Effectivement. Dès lors que le rapport sexuel est non consenti, il y a une atteinte à l’intégrité sexuelle. Nous avons proposé une définition générale du consentement, qui vaut aussi pour les adultes. Car, parfois, on entend dire qu’il n’y a pas eu de violence ni de menace et que la personne n’a rien dit. Mais elle peut être en état de stupéfaction. Donc, en dessous de 14 ans, nous considérons qu’il n’y a jamais de consentement. Le danger d’être influençable est trop important. Entre 14 et 16 ans, s’il y a consentement et que les partenaires n’ont pas plus de deux ans d’écart, c’est autorisé. Donc, deux jeunes du même âge qui entretiennent des relations sexuelles consenties ne tomberont plus sous le coup du code pénal, il ne s’agira plus d’un attentat à la pudeur.

Vous n’aimez pas l’expression « majorité sexuelle ». Pourquoi?

Le terme est très mauvais. La vraie question est: quand le code pénal doit-il intervenir? Quand les rapports sexuels deviennent-ils une infraction passible d’une peine de prison? On entend souvent: « Oui, mais, de toute façon, le parquet ne va pas poursuivre. » D’abord, arrêtons de faire un droit pénal qu’on n’applique pas! Des peines qu’on n’exécute pas, ça ne va pas. Aujourd’hui, si des parents se constituent partie civile parce qu’ils n’aiment pas le petit copain de leur enfant du même âge, le juge de la jeunesse ne peut pas dire qu’il ne s’agit pas d’une infraction. Or, dans les écoles, des jeunes de 15 ans qui s’aiment, il y en a plein.

Il s’agit d’être plus cohérent par rapport à la réalité?

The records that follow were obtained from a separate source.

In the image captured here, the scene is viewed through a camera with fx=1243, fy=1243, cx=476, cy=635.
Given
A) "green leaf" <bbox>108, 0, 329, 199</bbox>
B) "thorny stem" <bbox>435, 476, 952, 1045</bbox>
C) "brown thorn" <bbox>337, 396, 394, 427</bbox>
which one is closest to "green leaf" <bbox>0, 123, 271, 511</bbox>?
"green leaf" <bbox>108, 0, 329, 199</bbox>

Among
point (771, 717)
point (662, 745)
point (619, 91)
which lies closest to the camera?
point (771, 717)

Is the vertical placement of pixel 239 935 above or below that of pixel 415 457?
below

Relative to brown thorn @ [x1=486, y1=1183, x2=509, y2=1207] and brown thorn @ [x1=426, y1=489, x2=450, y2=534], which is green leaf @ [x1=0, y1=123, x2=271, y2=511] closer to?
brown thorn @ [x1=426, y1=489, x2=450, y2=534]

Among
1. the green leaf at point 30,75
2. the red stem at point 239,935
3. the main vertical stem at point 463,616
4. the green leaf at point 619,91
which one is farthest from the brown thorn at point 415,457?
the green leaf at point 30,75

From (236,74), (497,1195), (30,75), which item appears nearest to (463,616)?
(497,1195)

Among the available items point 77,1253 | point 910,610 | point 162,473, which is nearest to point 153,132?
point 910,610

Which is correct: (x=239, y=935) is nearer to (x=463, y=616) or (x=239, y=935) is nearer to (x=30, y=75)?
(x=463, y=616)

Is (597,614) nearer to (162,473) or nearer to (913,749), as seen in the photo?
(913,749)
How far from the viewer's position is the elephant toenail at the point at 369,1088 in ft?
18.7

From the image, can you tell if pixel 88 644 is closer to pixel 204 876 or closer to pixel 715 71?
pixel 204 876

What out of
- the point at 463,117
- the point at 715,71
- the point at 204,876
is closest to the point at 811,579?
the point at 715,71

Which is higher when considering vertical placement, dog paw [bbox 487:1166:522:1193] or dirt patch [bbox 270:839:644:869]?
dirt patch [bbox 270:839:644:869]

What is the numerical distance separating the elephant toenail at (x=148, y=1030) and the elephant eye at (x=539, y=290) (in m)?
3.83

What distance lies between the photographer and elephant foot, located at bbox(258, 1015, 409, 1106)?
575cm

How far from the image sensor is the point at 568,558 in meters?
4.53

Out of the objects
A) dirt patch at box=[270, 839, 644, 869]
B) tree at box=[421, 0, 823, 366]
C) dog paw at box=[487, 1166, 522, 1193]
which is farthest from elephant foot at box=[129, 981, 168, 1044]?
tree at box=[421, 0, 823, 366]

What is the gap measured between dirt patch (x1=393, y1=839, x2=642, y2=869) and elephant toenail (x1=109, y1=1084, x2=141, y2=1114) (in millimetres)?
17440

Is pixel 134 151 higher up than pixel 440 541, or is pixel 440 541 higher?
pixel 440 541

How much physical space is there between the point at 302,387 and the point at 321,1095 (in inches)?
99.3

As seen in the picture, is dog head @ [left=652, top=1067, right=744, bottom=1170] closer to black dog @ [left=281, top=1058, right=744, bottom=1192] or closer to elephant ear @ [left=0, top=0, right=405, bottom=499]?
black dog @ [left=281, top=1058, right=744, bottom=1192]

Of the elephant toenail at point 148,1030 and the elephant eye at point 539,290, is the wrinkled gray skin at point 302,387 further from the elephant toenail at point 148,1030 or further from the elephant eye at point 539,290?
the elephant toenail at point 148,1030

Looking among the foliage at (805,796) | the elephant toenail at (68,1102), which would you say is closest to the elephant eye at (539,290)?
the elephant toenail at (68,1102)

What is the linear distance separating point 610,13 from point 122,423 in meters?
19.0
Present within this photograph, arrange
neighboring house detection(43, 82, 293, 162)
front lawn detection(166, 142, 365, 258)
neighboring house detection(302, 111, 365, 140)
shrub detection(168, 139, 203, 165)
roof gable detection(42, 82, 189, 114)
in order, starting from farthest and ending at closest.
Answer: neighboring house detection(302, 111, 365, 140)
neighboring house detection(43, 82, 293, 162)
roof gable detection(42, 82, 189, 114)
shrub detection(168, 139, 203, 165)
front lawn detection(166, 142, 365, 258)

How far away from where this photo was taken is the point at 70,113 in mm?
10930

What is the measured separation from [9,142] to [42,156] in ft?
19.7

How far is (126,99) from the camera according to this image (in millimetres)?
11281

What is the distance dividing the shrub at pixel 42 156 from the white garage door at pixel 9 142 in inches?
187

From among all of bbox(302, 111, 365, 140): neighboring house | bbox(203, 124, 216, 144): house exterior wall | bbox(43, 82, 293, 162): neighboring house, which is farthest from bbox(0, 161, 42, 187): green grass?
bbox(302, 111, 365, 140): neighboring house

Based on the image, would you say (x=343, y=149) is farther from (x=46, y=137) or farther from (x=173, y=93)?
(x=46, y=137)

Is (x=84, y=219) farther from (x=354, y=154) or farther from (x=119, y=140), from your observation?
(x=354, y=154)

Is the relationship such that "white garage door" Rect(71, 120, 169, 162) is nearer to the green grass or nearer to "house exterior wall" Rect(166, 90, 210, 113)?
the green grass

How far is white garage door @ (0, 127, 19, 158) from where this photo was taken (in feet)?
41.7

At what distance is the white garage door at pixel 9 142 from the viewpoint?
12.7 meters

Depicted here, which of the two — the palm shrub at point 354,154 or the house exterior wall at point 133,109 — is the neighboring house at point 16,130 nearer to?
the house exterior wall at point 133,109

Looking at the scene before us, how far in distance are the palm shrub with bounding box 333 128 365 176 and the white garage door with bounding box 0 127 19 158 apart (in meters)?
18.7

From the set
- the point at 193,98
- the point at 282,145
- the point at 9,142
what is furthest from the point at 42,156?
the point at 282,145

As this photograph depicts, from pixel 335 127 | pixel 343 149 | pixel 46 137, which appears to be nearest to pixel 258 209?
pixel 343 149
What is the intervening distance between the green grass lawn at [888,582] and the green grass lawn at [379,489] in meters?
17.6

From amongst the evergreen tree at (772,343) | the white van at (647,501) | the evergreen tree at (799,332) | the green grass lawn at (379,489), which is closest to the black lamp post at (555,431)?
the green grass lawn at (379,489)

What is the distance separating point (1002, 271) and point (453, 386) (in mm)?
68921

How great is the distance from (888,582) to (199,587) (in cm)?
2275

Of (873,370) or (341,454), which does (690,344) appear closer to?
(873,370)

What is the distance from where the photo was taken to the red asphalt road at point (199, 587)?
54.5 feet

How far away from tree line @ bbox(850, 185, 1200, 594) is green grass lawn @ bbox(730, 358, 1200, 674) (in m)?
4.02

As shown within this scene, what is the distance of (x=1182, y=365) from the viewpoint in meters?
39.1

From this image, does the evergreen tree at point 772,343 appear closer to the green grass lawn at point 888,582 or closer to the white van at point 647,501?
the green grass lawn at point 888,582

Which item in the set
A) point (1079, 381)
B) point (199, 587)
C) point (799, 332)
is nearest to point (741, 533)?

Il faut stopper l’hypocrisie. Sinon, ça veut dire qu’on interdit légalement toute vie sexuelle avant 16 ans. Mais cette réforme ne veut pas dire non plus: « 14 ans, allez-y, faites l’amour! ». Ça établit simplement le champ d’intervention du droit pénal. Il s’agit d’une réflexion très intéressante sur nos sociétés, où on en est… Mais il ne faut pas devenir trop puritain non plus. La loi pénale doit être l’outil dont on a besoin pour rencontrer cette thématique-là. Je n’aurais peut-être pas souhaité que mon enfant ait des relations sexuelles avant 16 ans, mais je n’aurais pas souhaité non plus que la police vienne le chercher par le col si cela avait été le cas! Or, le droit pénal, c’est ça. Aujourd’hui, une amourette avant 16 ans, c’est considéré comme un attentat à la pudeur. Si on l’appliquait réellement, j’ai bien l’impression qu’on devrait poursuivre la moitié des jeunes. Il s’agit, finalement, d’un débat intéressant sur la place du pénal pour instaurer des règles au sein de la société. L’adolescent qui obtient de mauvais résultats à l’école, par exemple, ne reçoit pas une peine de prison en guise de punition, il y a d’autres mesures plus adaptées… C’est sans doute aussi le cas pour l’apprentissage de la vie sexuelle.